Shifting the focus from Arkansas back to the Monica Lewinsky case, Whitewater prosecutors have new momentum after a judge rejected President Clinton's efforts to use executive privilege to block certain testimony by senior aides.
Several lawyers familiar with the decision by U.S. District Judge Norma Holloway Johnson said Tuesday that the ruling means senior presidential aides, such as Bruce Lindsey and Sidney Blumenthal, must answer certain grand jury questions they previously had refused in a showdown with prosecutor Kenneth Starr.The White House could appeal, a strategy that could bring the issue of executive privilege back before the Supreme Court where Richard Nixon lost his claim a quarter century ago. Such an appeal would cause further delays in Starr's probe of an alleged presidential affair and cover-up.

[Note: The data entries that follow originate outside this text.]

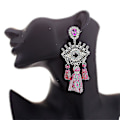 Miniatyrbilde 3 av 5: Nye Tassel Ørepynt Statement Ørepynt Øye Henger Ørepynt For Kvinner Bohemian Elegant Fest Drop Ørepynt Smykker (E1075 Rose)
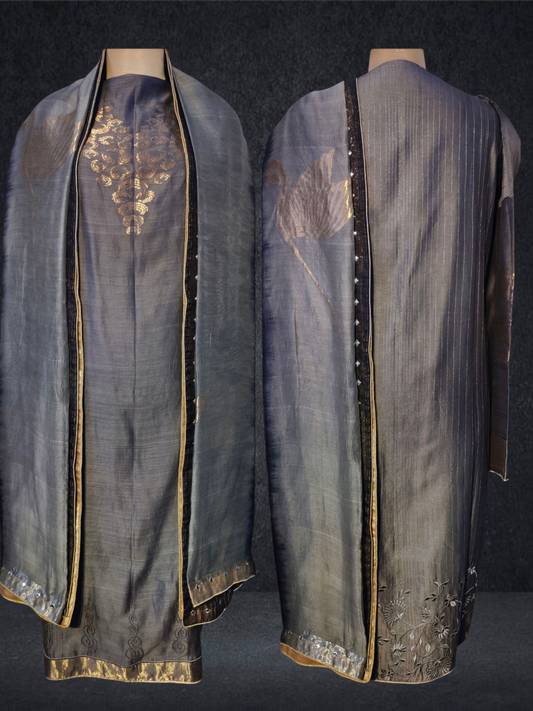 Semi Stitched Formal chanderi Suitset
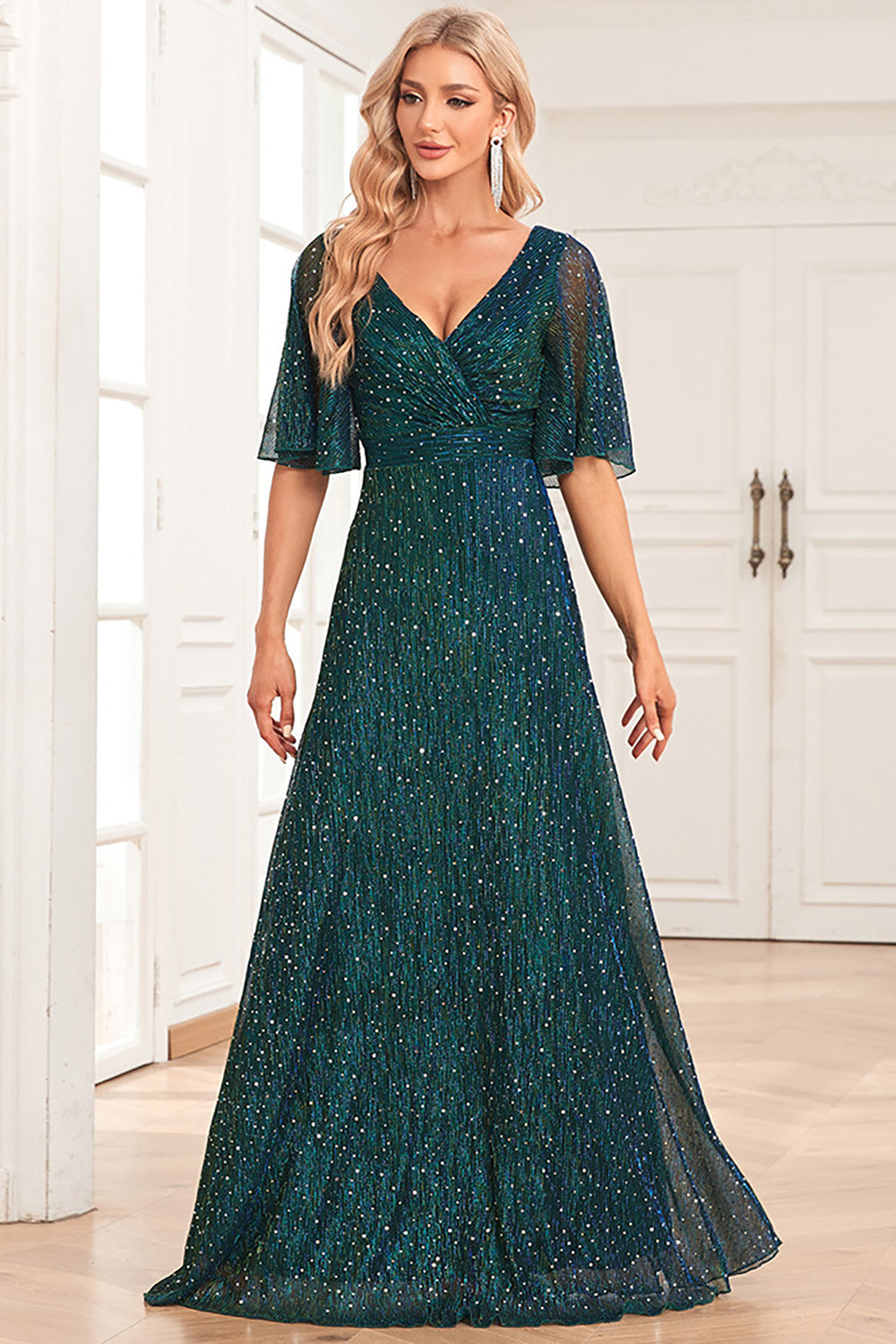 Błyszcząca Paw Cekinowe Długa Sukienka Na Studniówkę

Wednesday, presidential press secretary Mike McCurry said he knew nothing about the sealed ruling but dismissed the parallels to Watergate.

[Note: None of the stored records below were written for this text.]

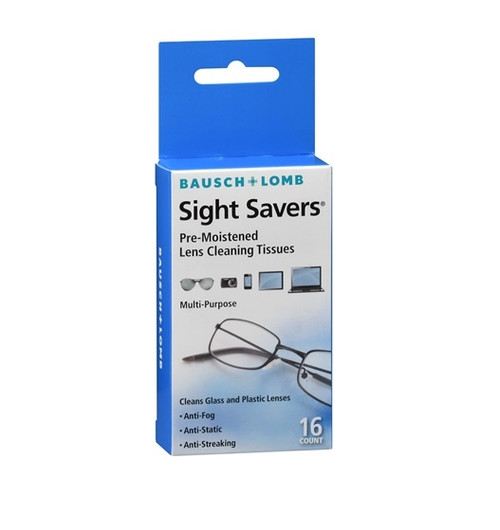 Bausch + Lomb Sight Savers Pre-Moistened Lens Cleaning Tissues 16 Each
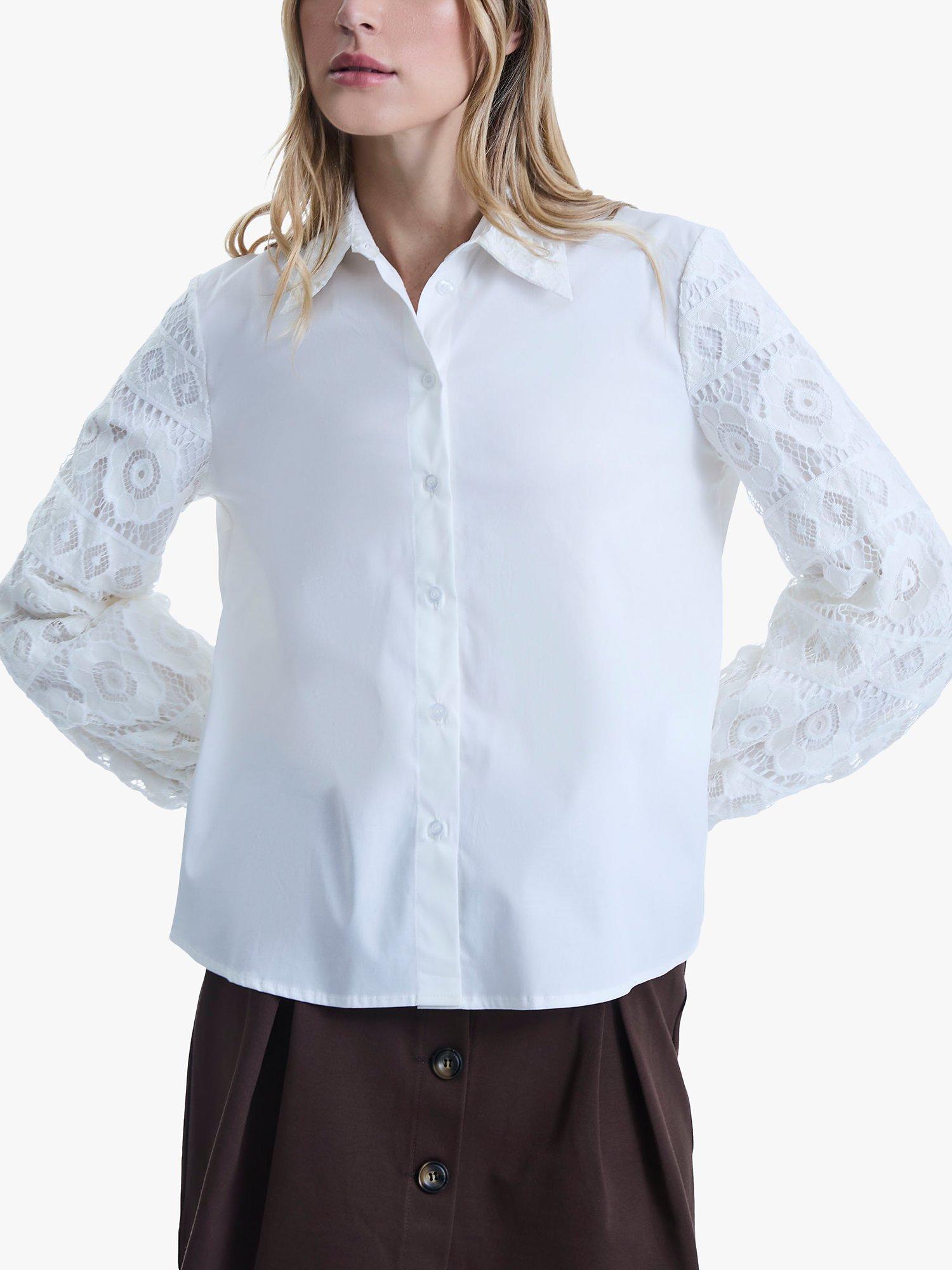 Product image 4 of 6, which shows James Lakeland Crochet Sleeve Shirt, White, 8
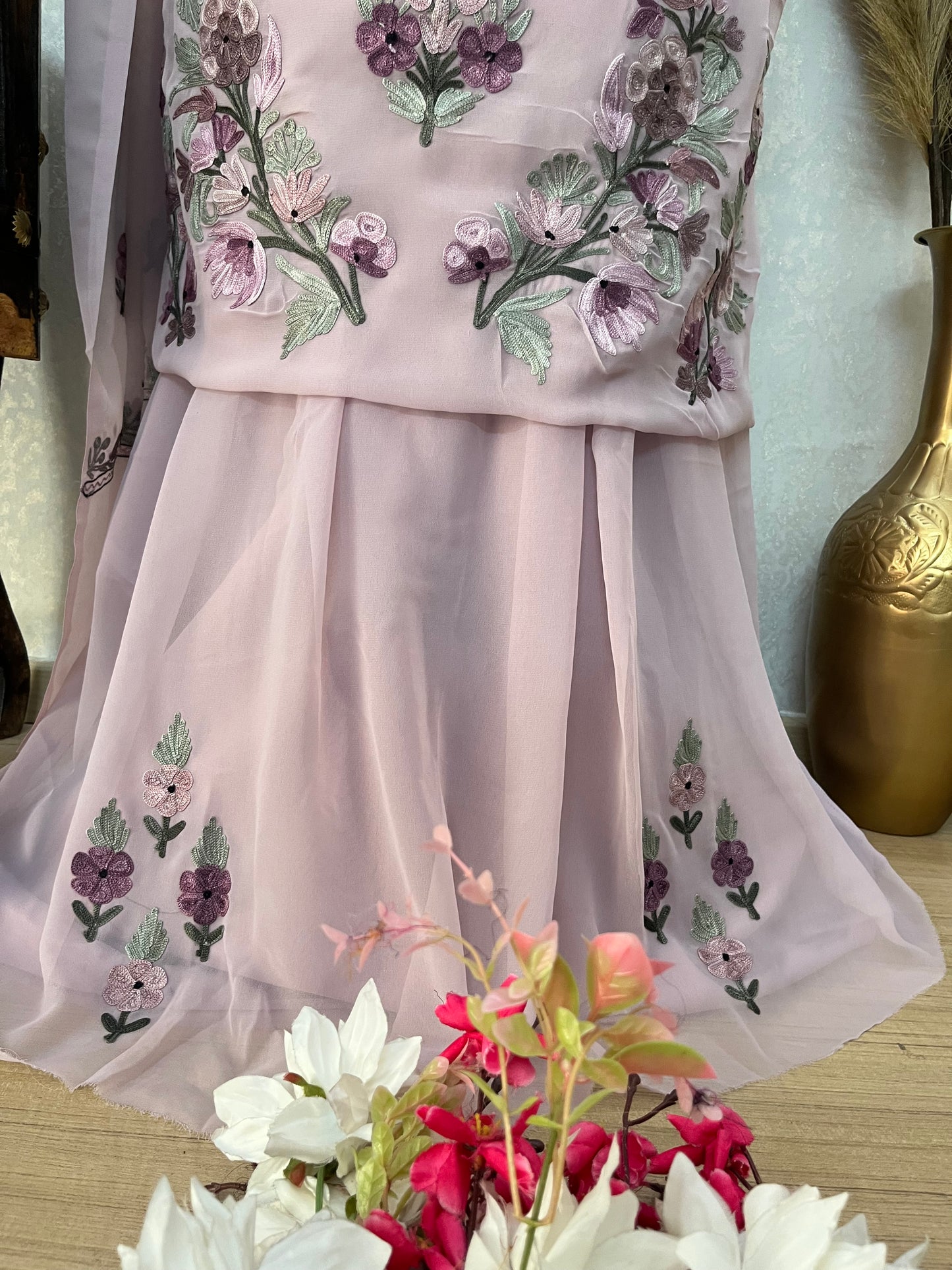 Soft Mauve Georgette 3Pc Kashmiri Suit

Meanwhile, Betty Currie, President Clinton's personal secretary and a central figure in the Lewinsky case, arrived Wednesday morning at the federal courthouse where it was expected she would give testimony for a second time to the grand jury.

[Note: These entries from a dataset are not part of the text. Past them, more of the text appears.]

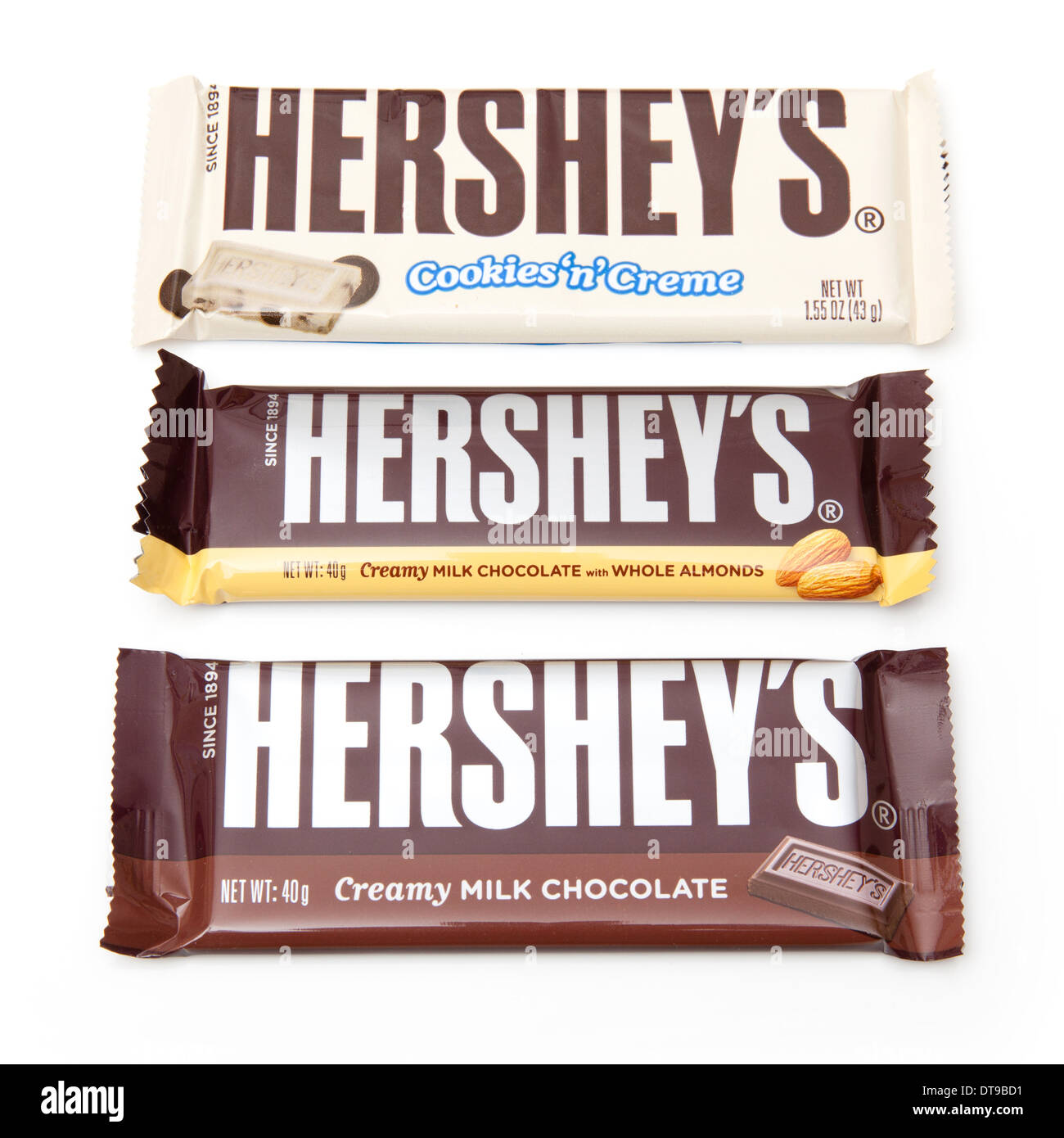 Hershey's chocolate blanco aislado en un fondo de estudio Fotografía de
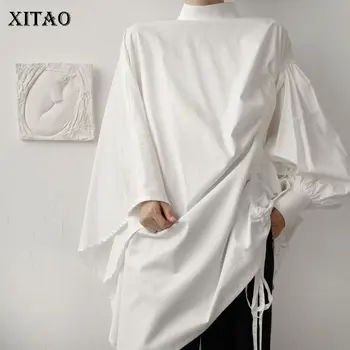 

XITAO Drawstring White Blouse Irregular Women Minority Plus Size Pleated Small Fresh 2020 Autumn Full Sleeve Shirt DZL1505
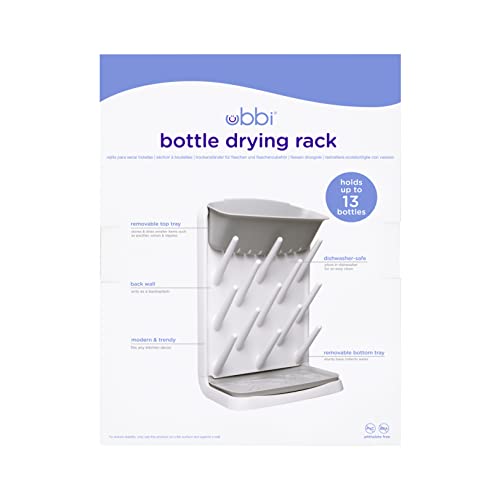 Ubbi Vertical Baby Bottle Drying Rack, Space Saving Countertop Drying Rack Baby Accessory, Gray - Image 6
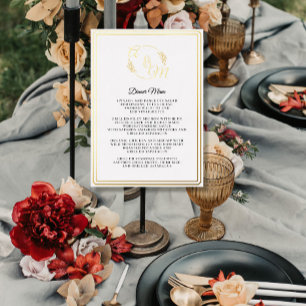 Invitation En Aluminium Menu de dîner simple élégant moderne feuille d'or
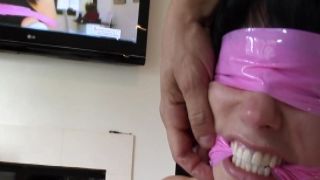 Taped dark haired Milf anal fucked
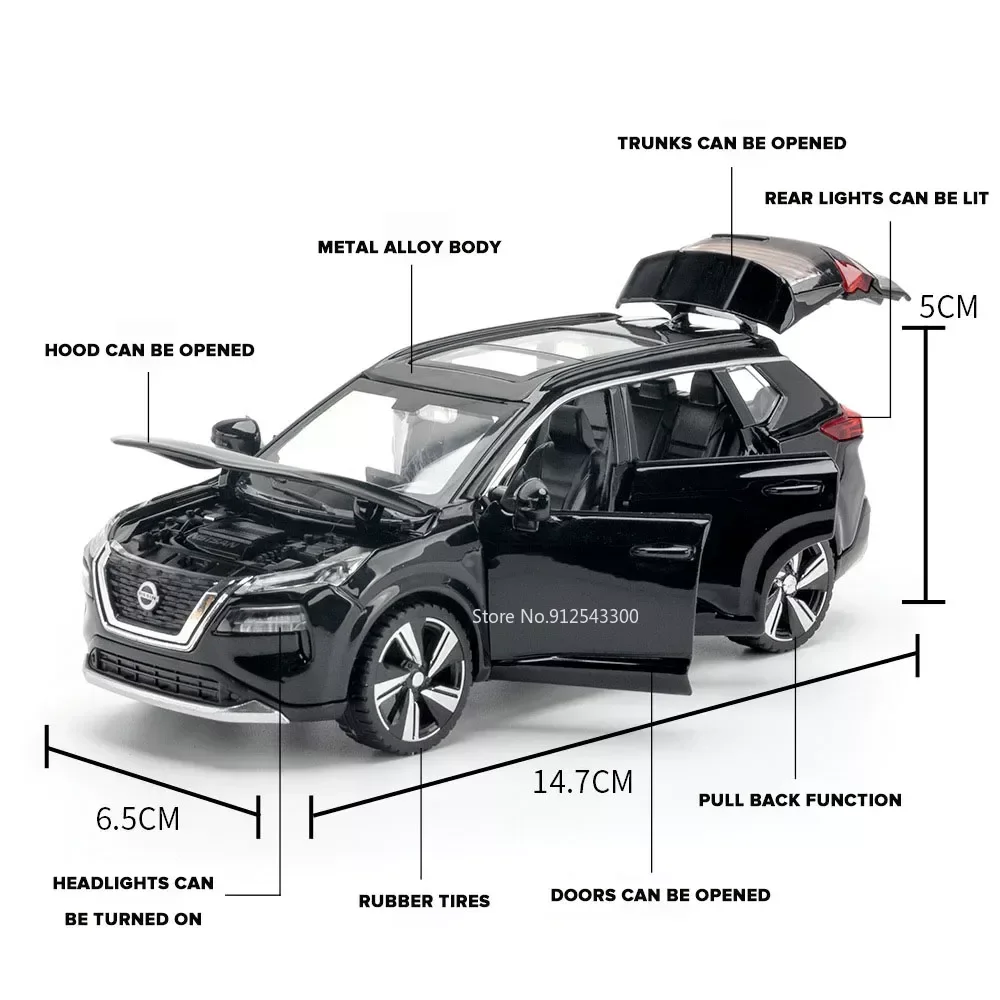 Modelo de coche de juguete x-trail a escala 1/32, vehículo de aleación fundido a presión con luz de sonido, colección de regalos de juguete para Festival para niños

One of the lawyers familiar with the ruling, all of whom spoke only on condition of anonymity, said the judge ruled that prosecutors' interest in obtaining relevant testimony in the Lewinsky matter outweighed those of the president in protecting the confidentiality of advice he receives.
The decision, filed Monday, was just the latest in a string of legal obstacles that Starr has overcome in the past two weeks.
The Whitewater independent counsel also has secured grand jury indictments against two former presidential friends, Susan McDougal and Webster Hubbell, and won a separate ruling rejecting Lewinsky's claim she had a guarantee of complete immunity from prosecution.
Still pending is a ruling from Johnson on whether Secret Service agents should have to testify about what they observed and heard from the president - an untested legal area.
After two weeks of concentrating on the Arkansas aspects of their investigation, Whitewater prosecutors Tuesday shifted their focus back to the Lewinsky case by summoning presidential friend Vernon Jordan before the Washington grand jury for a third time.